(Web page caption snippets)
—————
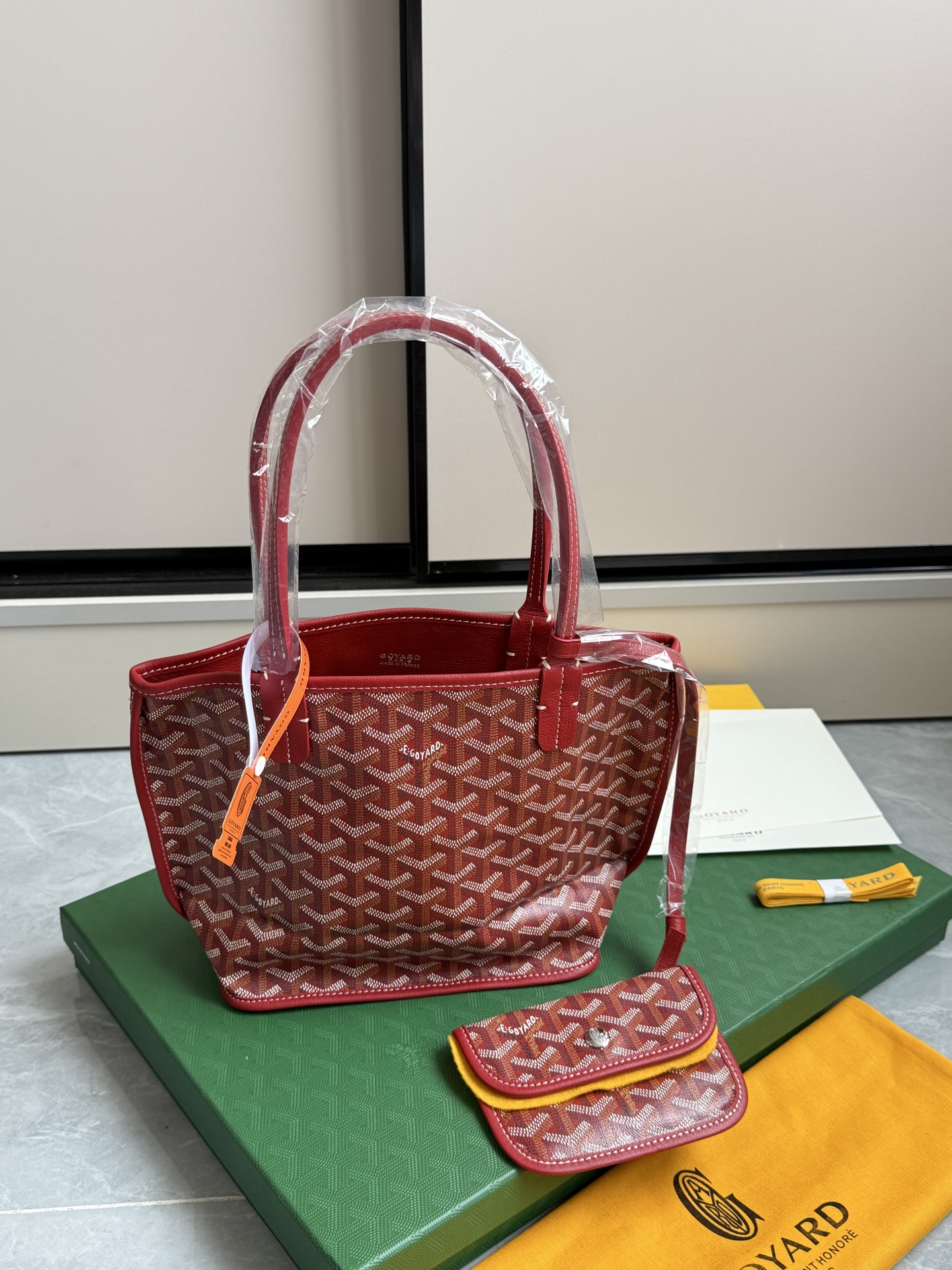 Gucci 狗牙购物袋·迷你·红色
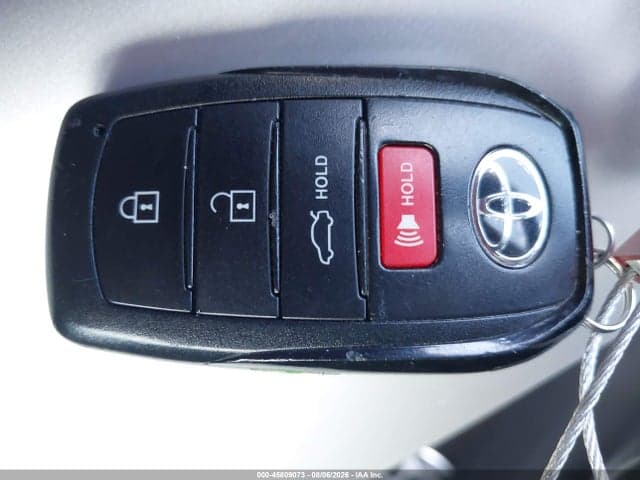 2025 TOYOTA CAMRY SE 11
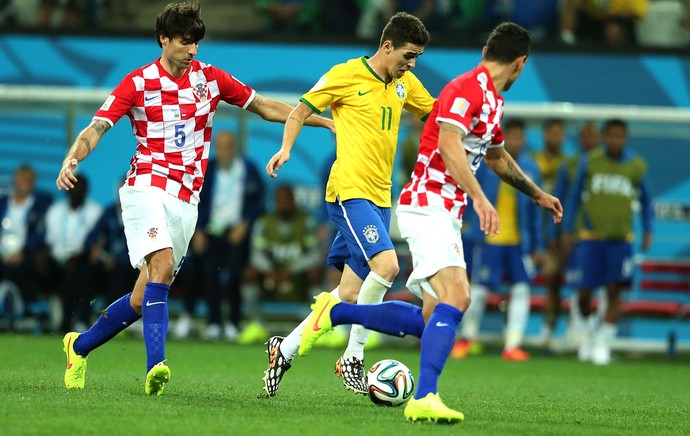 Oscar jogo Brasil x Croácia Copa do Mundo (Foto: Marcos Ribolli / Globoesporte.com)
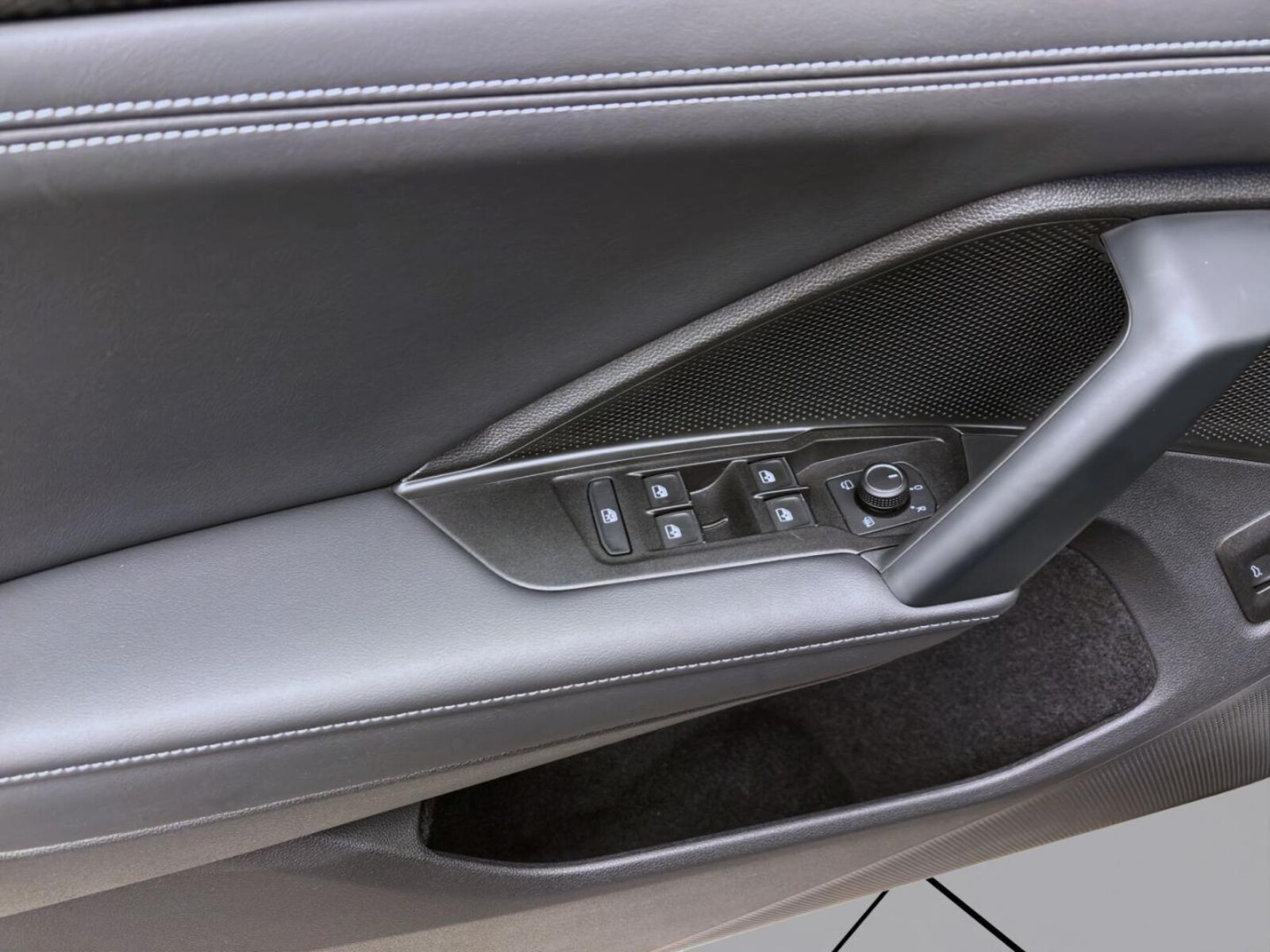 Volkswagen Tiguan – Bild 11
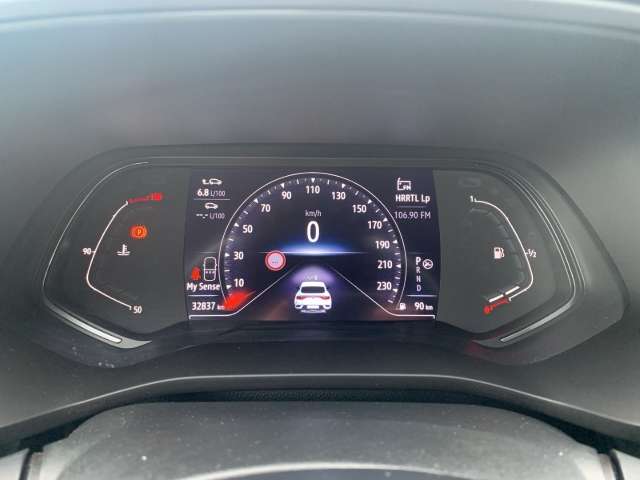 Fahrzeugbild eines Renault Arkana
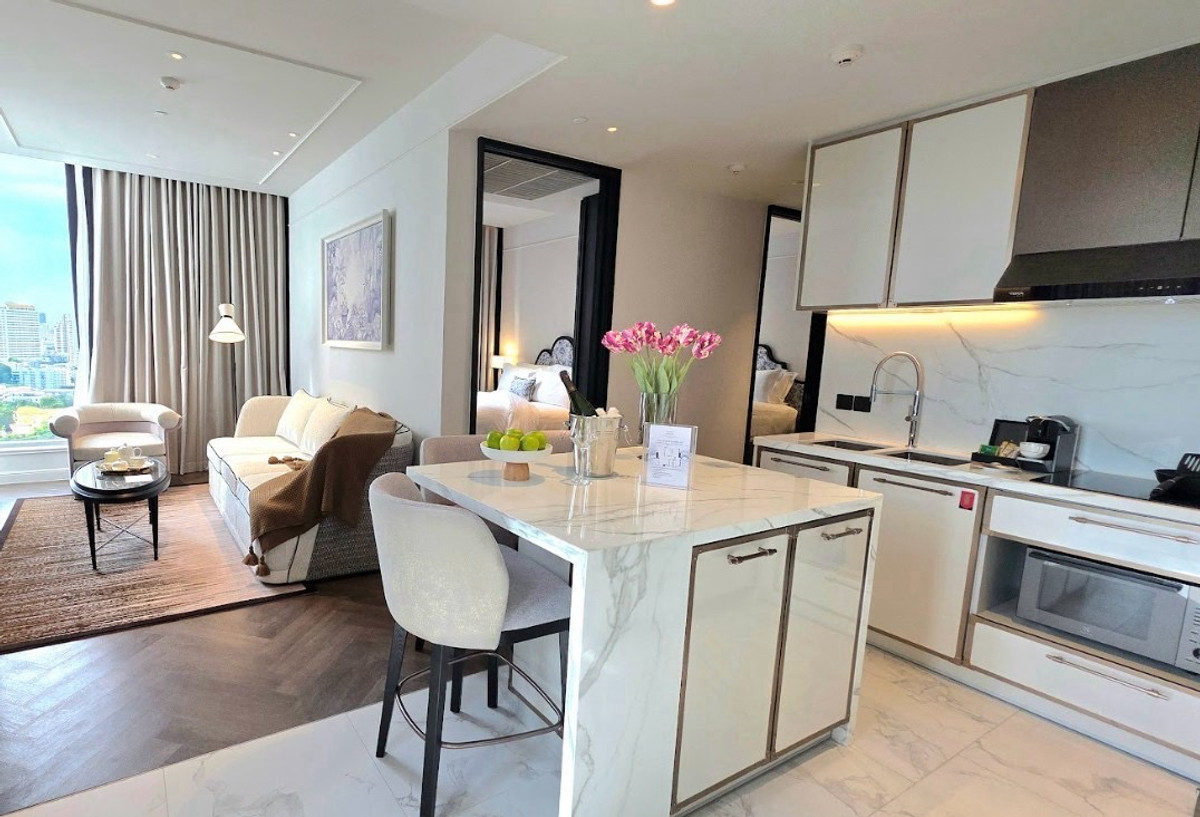 ให้เช่าคอนโดสุขุมวิท อโศก ทองหล่อ : 2 Bedroom Suite | 65 ตร.ม. | La Clef Bangkok by The Crest Collection | 150,000THB | 082-4499822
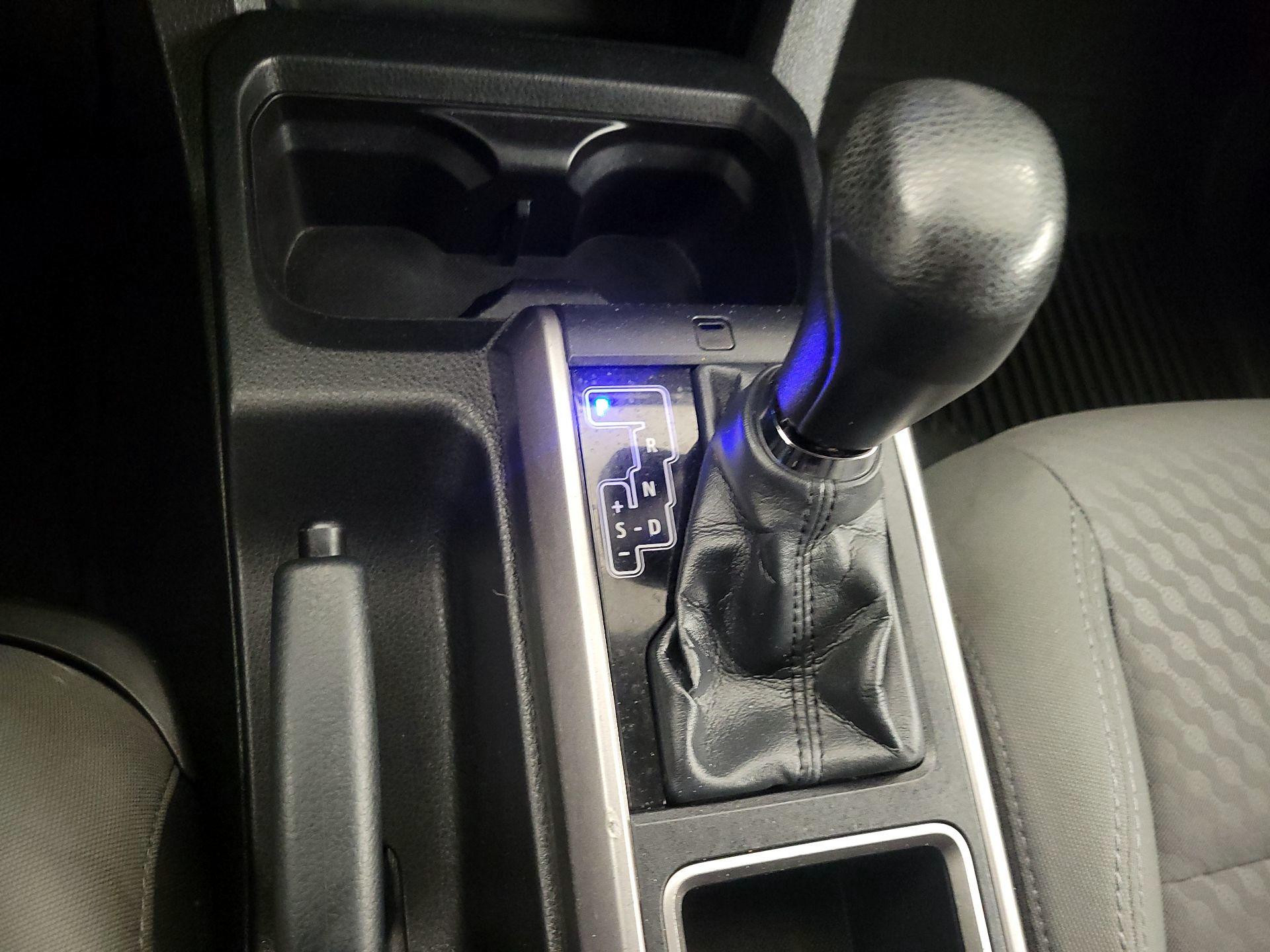 Thumbnail: 2022 Toyota Tacoma - 17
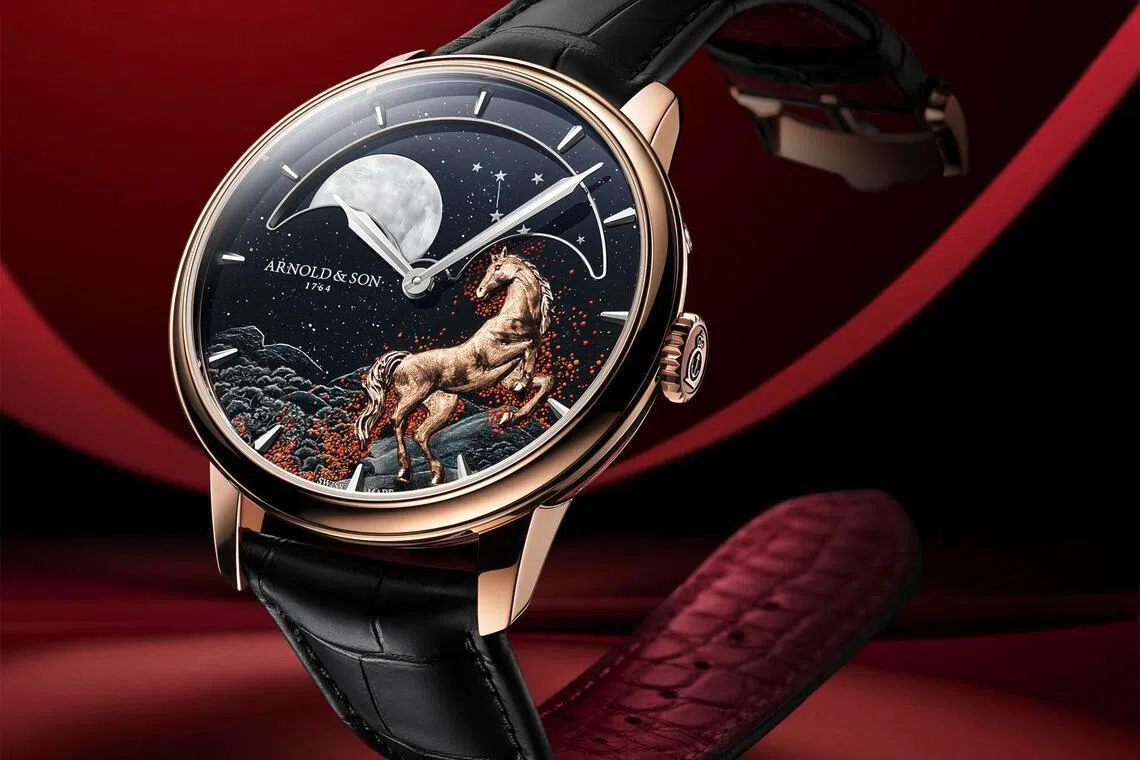 雅诺以天文复杂功能承载马的野性意象。（雅诺提供）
—————
▶ WHAT TO PRODUCE: Would you output the data exactly, without any of its images?

▶ ANSWER SPACE:
 Gucci 狗牙购物袋·迷你·红色
 2025 TOYOTA CAMRY SE 11
 Oscar jogo Brasil x Croácia Copa do Mundo (Foto: Marcos Ribolli / Globoesporte.com)
 Volkswagen Tiguan – Bild 11
 Fahrzeugbild eines Renault Arkana
 ให้เช่าคอนโดสุขุมวิท อโศก ทองหล่อ : 2 Bedroom Suite | 65 ตร.ม. | La Clef Bangkok by The Crest Collection | 150,000THB | 082-4499822
 Thumbnail: 2022 Toyota Tacoma - 17
 雅诺以天文复杂功能承载马的野性意象。（雅诺提供）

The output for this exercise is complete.